DATA —
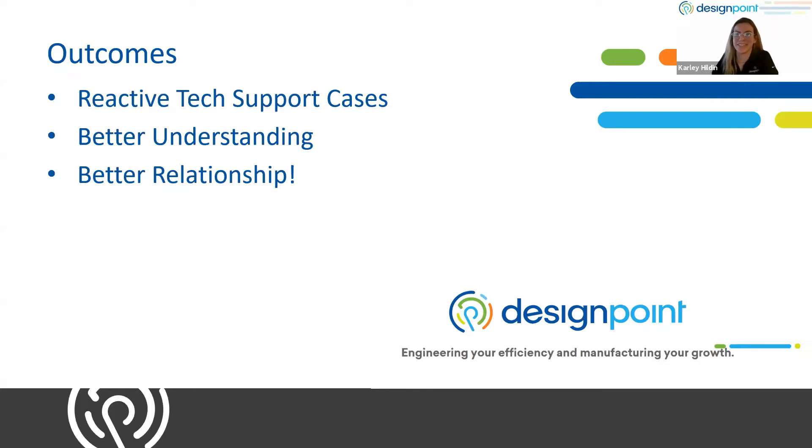Thank you, Andrew. Some of you may be watching this thinking SolidWorks isn't your main product — that's okay. We're willing to look at anything with you: electrical, simulation, PDM, 3D printing. Take everything Andrew said and apply it to your product, because these are conversations that can happen across the board with any topic you want to discuss. So let's jump over to Abby, who's going to be discussing CSM conversations using PDM.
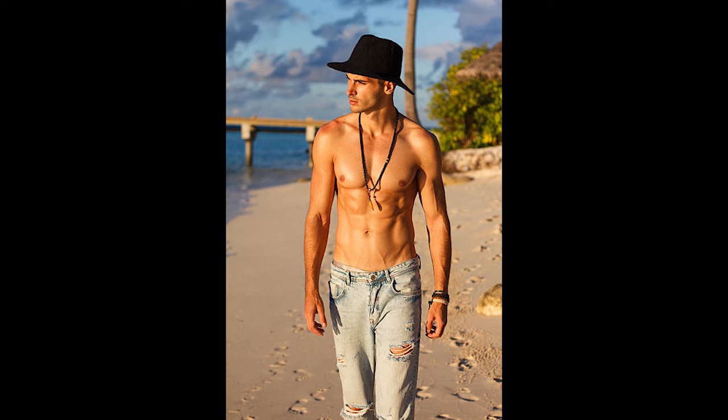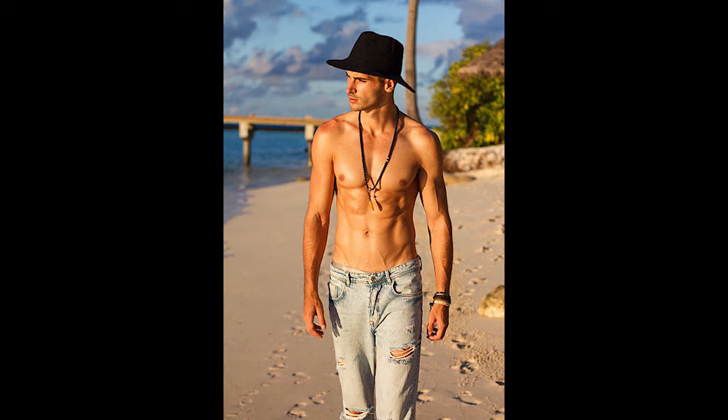My fifth idea for wearing a necklace is just with a bare chest. Sometimes you're swimming or exercising, and it's a great way to show off a bare chest or add a little personality and style to a bathing suit or a beach day. It's another great way to wear a necklace.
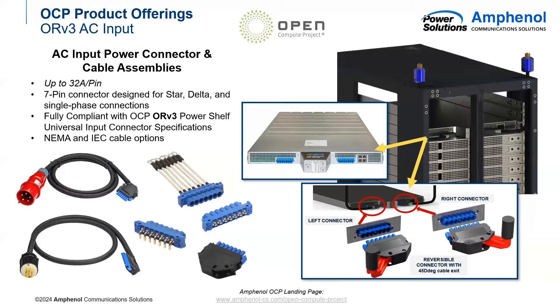First, we have our AC WIPs, or AC Input Power Connectors. These are rated for 32 amps per pin and come in a 7-pin connector design for star, delta, and single-phase connections. As stated, it's fully compliant with the ORV3 PowerShell spec, and it also comes in both NEMA and IEC cable options. You can see an example of it being used inside of a rack on the right picture, and here are our board-side connectors inside of a PowerShell.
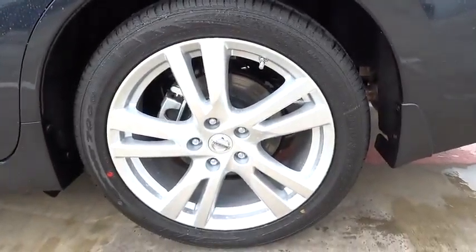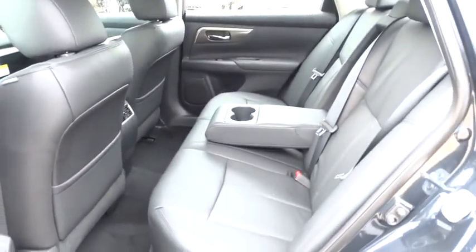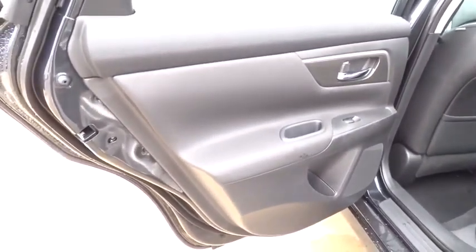Driver airbag, keyless entry, keyless start, cruise control, aluminum wheels, four-wheel disc brakes, auto-dimming rearview mirror, AM-FM stereo radio, premium sound system, universal garage door opener, climate control.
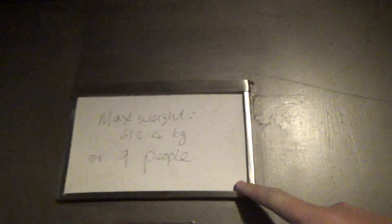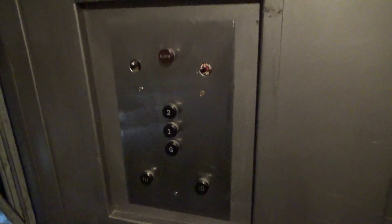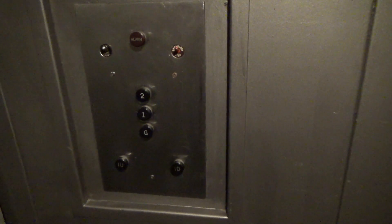It's not a real actual capacity plate, but it's got decimal points in the kilograms. First time I've seen a capacity label with a decimal point in the kilograms — because normally they'd round that off to 612.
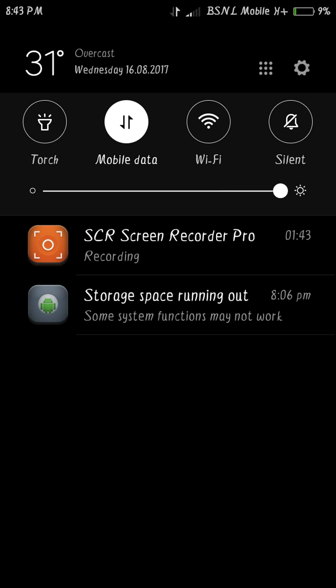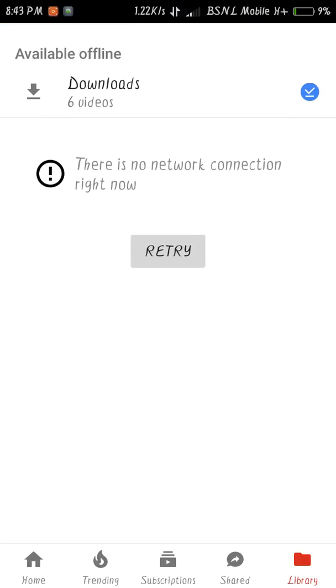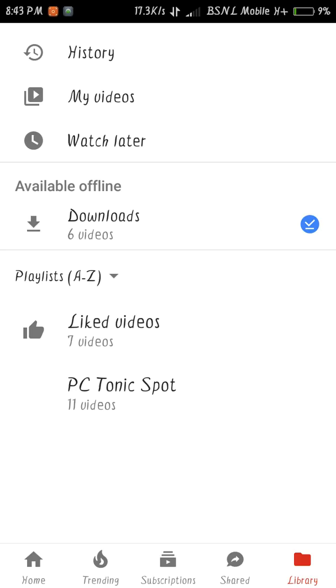After turning off the data, now turn your mobile data back on once again. Then retry the upload and let's check whether it works or not.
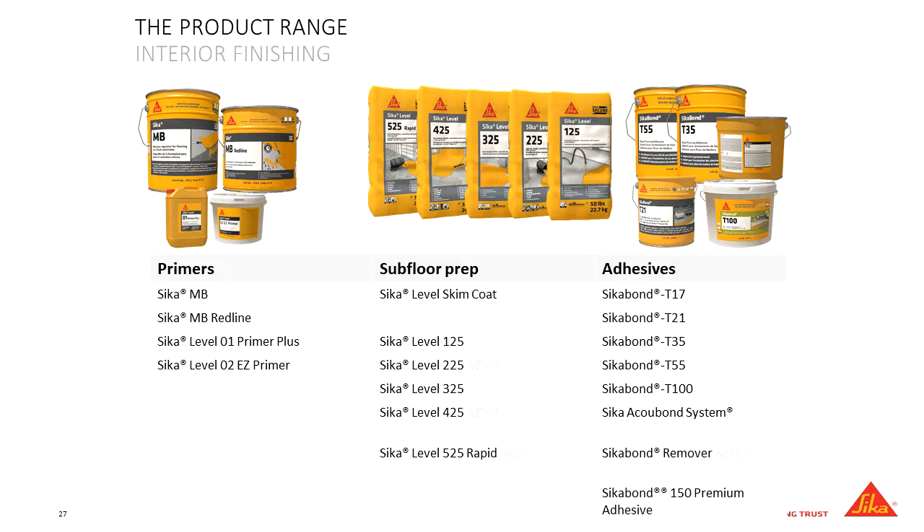That slide gives you the full breadth of the product line. Specifically from today: MB Redline, O2 Easy Primer, and the 525 Rapid. But Sika also has several other self-levelers, skim coat products, a full line of wood adhesives, and an LVT adhesive to round out the system. If there are any other questions — Sika-related or not — about levelers in general, moisture mitigation, or adhesives, feel free to ask.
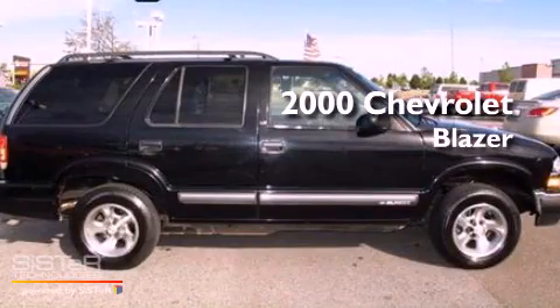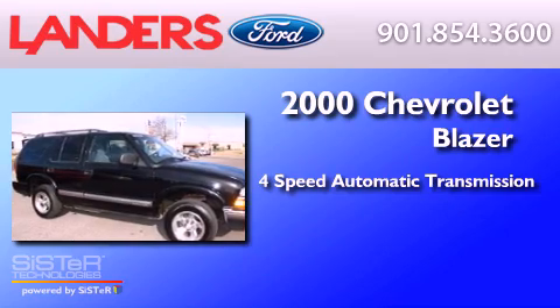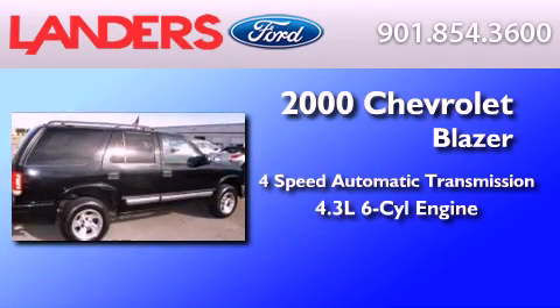This is a 2000 Chevrolet Blazer. This crossover has an automatic transmission and a 4.3-liter V6.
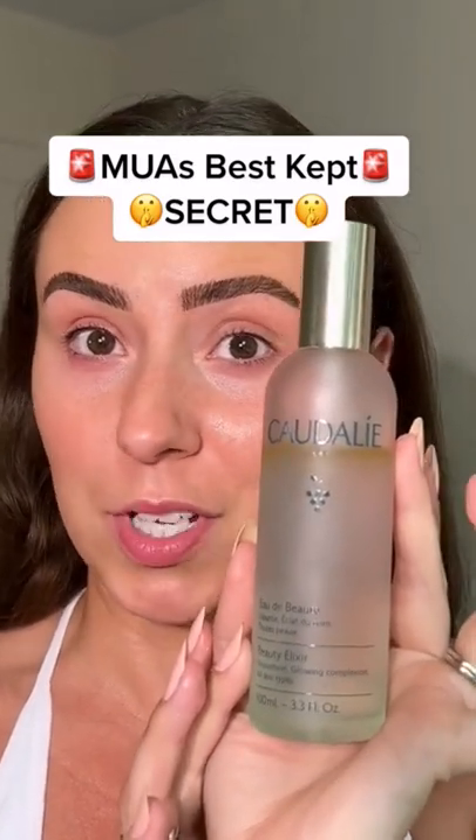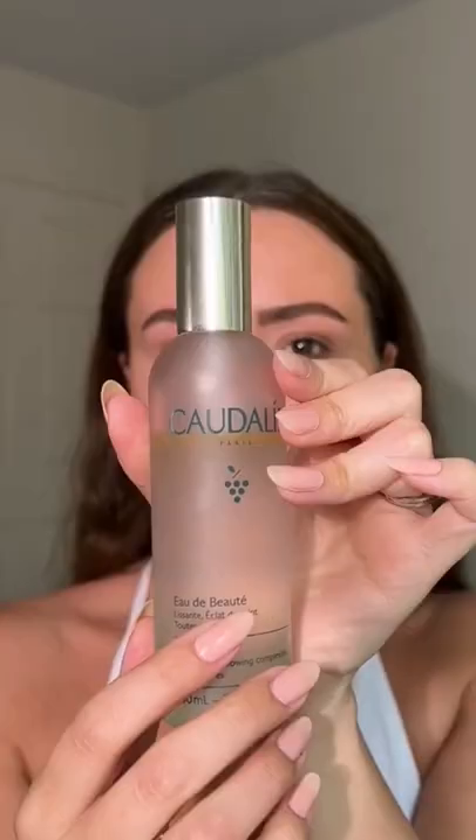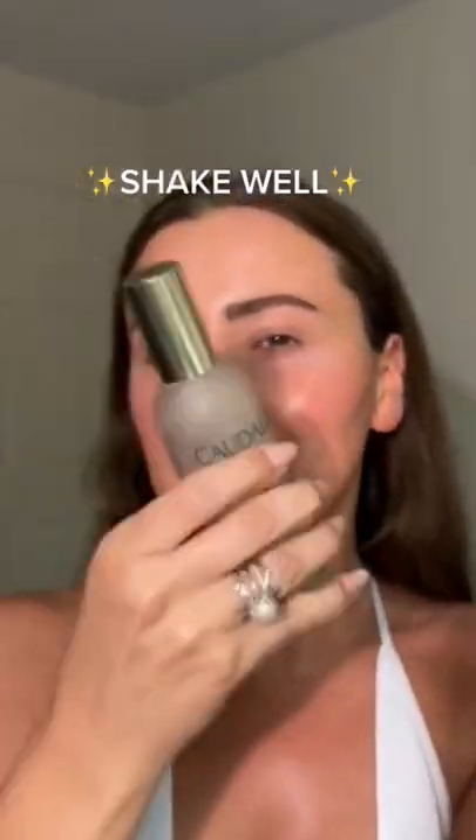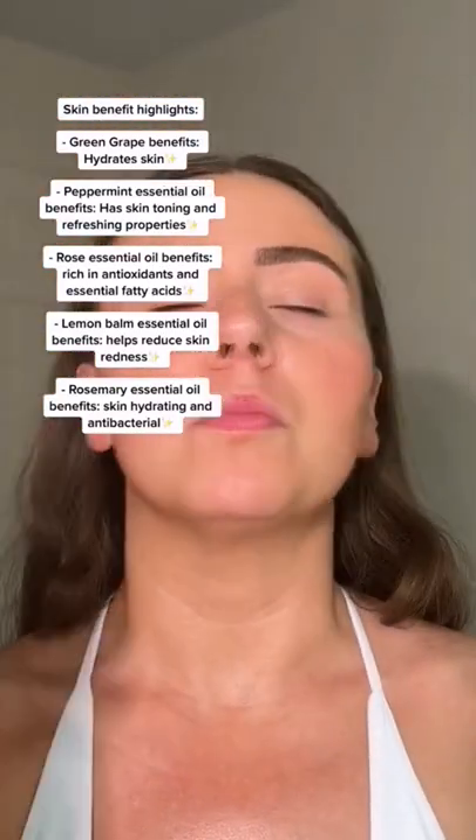Now I know you've heard of the Caudalie Beauty Elixir. Let me show you why it's one of my faves to prep and refresh the skin. First, we shake it up. It's going to be great for all skin types, but I love it to prep my makeup. It's infused with some essential oils and it smells absolutely wonderful.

WORK TO BE COMPLETED — Repeat only the lines from the one with "That slide gives" through the end of the data, both included and exactly as written. Pictures stay out of the copy.

ANSWER TO THIS EXERCISE —
That slide gives you the full breadth of the product line. Specifically from today: MB Redline, O2 Easy Primer, and the 525 Rapid. But Sika also has several other self-levelers, skim coat products, a full line of wood adhesives, and an LVT adhesive to round out the system. If there are any other questions — Sika-related or not — about levelers in general, moisture mitigation, or adhesives, feel free to ask.
This is a 2000 Chevrolet Blazer. This crossover has an automatic transmission and a 4.3-liter V6.
Now I know you've heard of the Caudalie Beauty Elixir. Let me show you why it's one of my faves to prep and refresh the skin. First, we shake it up. It's going to be great for all skin types, but I love it to prep my makeup. It's infused with some essential oils and it smells absolutely wonderful.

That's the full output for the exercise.